# [DATA FOR ANALYSIS]

________

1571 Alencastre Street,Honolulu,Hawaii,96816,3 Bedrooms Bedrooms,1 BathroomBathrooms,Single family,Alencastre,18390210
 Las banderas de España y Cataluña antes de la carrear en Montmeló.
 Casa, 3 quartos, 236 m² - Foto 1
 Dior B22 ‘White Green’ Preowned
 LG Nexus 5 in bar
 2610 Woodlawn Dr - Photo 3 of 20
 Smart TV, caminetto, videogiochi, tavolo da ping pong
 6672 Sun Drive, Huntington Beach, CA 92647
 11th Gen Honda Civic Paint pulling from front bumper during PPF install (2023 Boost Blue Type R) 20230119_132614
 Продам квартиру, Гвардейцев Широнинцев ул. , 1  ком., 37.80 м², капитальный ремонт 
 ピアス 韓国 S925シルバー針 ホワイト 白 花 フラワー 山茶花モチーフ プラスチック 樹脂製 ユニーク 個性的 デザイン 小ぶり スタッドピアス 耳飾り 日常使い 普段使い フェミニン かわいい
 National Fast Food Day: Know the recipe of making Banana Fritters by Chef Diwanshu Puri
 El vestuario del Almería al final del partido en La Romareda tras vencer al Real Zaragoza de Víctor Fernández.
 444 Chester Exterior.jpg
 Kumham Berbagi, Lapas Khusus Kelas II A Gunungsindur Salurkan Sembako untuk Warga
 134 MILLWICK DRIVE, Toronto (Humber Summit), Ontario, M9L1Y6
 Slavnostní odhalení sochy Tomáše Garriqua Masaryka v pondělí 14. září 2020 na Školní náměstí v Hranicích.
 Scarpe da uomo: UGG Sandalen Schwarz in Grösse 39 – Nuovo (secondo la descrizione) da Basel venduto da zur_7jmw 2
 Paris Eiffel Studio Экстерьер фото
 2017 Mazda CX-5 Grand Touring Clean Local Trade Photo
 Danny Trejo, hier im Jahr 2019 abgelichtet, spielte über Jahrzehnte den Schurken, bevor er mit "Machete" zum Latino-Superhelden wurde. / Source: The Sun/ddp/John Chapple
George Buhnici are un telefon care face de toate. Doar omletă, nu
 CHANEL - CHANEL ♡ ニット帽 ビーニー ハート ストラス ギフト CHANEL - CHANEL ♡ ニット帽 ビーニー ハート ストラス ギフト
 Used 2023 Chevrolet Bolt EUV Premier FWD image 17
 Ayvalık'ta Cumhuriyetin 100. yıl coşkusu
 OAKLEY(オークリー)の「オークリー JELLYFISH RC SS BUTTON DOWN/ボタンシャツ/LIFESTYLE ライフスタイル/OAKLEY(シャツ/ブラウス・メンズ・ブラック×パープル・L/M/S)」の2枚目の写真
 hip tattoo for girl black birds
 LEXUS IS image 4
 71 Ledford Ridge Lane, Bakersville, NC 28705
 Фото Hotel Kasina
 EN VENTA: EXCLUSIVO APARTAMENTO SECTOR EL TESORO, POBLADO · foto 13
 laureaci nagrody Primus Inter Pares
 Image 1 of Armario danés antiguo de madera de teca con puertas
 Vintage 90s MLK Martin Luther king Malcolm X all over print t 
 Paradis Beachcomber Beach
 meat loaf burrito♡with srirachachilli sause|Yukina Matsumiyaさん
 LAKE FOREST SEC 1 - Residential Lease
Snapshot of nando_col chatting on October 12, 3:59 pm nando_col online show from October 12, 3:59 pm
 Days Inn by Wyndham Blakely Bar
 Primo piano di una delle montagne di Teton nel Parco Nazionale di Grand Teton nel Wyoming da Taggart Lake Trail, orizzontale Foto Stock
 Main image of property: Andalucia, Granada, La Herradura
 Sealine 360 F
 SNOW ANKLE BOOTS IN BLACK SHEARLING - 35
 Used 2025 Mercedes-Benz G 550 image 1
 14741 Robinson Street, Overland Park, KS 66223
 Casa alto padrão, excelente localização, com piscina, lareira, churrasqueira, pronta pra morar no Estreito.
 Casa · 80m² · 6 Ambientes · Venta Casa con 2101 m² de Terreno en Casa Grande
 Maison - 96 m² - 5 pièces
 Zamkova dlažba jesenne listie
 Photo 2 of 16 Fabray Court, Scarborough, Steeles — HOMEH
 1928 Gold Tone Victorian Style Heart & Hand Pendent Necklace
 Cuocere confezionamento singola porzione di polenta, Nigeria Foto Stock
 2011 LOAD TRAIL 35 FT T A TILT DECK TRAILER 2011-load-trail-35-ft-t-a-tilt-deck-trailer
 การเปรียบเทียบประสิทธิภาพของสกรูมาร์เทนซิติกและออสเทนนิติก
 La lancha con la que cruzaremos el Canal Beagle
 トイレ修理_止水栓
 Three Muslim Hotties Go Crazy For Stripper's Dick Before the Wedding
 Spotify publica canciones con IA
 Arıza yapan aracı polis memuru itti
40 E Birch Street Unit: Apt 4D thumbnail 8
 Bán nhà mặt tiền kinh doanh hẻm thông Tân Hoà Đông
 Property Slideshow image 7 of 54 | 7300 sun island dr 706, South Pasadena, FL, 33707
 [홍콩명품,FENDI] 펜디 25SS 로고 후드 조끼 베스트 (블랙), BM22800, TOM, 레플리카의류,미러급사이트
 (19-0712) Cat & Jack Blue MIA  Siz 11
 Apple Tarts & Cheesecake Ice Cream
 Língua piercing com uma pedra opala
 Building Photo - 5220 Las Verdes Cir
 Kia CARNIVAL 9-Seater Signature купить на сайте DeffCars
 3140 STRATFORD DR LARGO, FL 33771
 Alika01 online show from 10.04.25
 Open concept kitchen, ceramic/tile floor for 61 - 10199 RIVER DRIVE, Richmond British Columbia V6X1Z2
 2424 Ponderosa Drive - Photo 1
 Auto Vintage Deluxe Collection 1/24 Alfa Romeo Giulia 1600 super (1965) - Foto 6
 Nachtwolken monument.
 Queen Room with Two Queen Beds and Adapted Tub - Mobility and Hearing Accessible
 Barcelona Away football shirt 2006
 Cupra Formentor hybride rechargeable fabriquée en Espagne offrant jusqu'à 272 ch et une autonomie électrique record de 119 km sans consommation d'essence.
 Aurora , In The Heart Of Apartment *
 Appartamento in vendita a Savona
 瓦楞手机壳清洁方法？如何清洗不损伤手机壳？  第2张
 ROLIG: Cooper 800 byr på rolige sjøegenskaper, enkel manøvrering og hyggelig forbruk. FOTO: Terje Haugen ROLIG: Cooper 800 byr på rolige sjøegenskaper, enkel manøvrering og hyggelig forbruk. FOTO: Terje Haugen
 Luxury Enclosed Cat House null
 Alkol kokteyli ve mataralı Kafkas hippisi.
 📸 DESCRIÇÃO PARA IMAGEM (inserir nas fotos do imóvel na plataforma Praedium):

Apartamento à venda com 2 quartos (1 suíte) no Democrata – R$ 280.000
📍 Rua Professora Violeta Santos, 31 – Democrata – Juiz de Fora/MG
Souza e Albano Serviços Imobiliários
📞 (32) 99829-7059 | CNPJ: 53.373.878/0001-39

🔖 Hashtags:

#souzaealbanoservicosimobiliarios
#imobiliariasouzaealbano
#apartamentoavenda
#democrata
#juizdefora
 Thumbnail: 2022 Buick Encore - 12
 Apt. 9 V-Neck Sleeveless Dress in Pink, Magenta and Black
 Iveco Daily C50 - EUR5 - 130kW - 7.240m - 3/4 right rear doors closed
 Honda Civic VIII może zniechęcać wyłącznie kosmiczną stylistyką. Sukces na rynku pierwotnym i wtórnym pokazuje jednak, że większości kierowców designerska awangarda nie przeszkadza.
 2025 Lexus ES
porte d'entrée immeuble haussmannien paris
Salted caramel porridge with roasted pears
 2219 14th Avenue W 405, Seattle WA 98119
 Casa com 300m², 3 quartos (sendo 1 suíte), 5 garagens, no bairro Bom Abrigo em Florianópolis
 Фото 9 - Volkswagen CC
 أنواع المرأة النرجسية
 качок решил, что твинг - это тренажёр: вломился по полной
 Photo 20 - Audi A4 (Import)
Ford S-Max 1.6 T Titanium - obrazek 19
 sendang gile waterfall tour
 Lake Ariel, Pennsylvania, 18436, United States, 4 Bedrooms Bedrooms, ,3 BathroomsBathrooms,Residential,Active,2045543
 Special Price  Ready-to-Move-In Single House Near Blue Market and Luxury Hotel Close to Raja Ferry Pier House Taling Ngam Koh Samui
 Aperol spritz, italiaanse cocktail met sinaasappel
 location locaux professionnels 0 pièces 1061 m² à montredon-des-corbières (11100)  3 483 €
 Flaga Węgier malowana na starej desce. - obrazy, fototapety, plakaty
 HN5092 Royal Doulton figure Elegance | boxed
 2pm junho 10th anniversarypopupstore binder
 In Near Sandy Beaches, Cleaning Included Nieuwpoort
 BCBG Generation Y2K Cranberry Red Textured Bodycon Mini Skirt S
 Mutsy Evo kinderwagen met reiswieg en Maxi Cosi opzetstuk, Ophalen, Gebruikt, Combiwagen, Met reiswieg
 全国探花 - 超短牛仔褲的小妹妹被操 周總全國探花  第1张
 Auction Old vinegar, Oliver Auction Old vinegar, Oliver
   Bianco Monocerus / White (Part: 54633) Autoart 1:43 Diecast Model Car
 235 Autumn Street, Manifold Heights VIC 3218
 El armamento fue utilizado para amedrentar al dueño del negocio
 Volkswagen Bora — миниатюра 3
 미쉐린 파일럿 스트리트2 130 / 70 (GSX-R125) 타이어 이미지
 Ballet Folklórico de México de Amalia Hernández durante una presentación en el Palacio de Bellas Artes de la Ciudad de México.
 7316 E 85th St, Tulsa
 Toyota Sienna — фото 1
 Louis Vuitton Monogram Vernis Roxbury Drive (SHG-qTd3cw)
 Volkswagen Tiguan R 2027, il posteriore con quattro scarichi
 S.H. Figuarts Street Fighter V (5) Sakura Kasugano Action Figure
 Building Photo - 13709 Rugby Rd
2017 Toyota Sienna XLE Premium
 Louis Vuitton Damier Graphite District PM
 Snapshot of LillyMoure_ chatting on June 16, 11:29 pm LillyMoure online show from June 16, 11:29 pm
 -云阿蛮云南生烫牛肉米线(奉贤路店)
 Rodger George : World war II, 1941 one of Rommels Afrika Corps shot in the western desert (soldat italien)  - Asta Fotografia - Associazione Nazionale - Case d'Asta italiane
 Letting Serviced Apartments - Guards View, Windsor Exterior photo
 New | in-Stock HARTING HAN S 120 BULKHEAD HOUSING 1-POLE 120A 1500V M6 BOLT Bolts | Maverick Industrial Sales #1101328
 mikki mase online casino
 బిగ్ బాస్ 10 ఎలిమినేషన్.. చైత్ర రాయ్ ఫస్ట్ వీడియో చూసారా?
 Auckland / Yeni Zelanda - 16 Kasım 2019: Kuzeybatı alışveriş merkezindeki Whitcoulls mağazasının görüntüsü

________

# [TASK DETAILS]
A word-for-word copy of the entries, from the first line through the line containing "OAKLEY(オークリー)の「オークリー JELLYFISH RC", is the whole answer.

# [RESPONSE TO THE EXERCISE]
1571 Alencastre Street,Honolulu,Hawaii,96816,3 Bedrooms Bedrooms,1 BathroomBathrooms,Single family,Alencastre,18390210
 Las banderas de España y Cataluña antes de la carrear en Montmeló.
 Casa, 3 quartos, 236 m² - Foto 1
 Dior B22 ‘White Green’ Preowned
 LG Nexus 5 in bar
 2610 Woodlawn Dr - Photo 3 of 20
 Smart TV, caminetto, videogiochi, tavolo da ping pong
 6672 Sun Drive, Huntington Beach, CA 92647
 11th Gen Honda Civic Paint pulling from front bumper during PPF install (2023 Boost Blue Type R) 20230119_132614
 Продам квартиру, Гвардейцев Широнинцев ул. , 1  ком., 37.80 м², капитальный ремонт 
 ピアス 韓国 S925シルバー針 ホワイト 白 花 フラワー 山茶花モチーフ プラスチック 樹脂製 ユニーク 個性的 デザイン 小ぶり スタッドピアス 耳飾り 日常使い 普段使い フェミニン かわいい
 National Fast Food Day: Know the recipe of making Banana Fritters by Chef Diwanshu Puri
 El vestuario del Almería al final del partido en La Romareda tras vencer al Real Zaragoza de Víctor Fernández.
 444 Chester Exterior.jpg
 Kumham Berbagi, Lapas Khusus Kelas II A Gunungsindur Salurkan Sembako untuk Warga
 134 MILLWICK DRIVE, Toronto (Humber Summit), Ontario, M9L1Y6
 Slavnostní odhalení sochy Tomáše Garriqua Masaryka v pondělí 14. září 2020 na Školní náměstí v Hranicích.
 Scarpe da uomo: UGG Sandalen Schwarz in Grösse 39 – Nuovo (secondo la descrizione) da Basel venduto da zur_7jmw 2
 Paris Eiffel Studio Экстерьер фото
 2017 Mazda CX-5 Grand Touring Clean Local Trade Photo
 Danny Trejo, hier im Jahr 2019 abgelichtet, spielte über Jahrzehnte den Schurken, bevor er mit "Machete" zum Latino-Superhelden wurde. / Source: The Sun/ddp/John Chapple
George Buhnici are un telefon care face de toate. Doar omletă, nu
 CHANEL - CHANEL ♡ ニット帽 ビーニー ハート ストラス ギフト CHANEL - CHANEL ♡ ニット帽 ビーニー ハート ストラス ギフト
 Used 2023 Chevrolet Bolt EUV Premier FWD image 17
 Ayvalık'ta Cumhuriyetin 100. yıl coşkusu
 OAKLEY(オークリー)の「オークリー JELLYFISH RC SS BUTTON DOWN/ボタンシャツ/LIFESTYLE ライフスタイル/OAKLEY(シャツ/ブラウス・メンズ・ブラック×パープル・L/M/S)」の2枚目の写真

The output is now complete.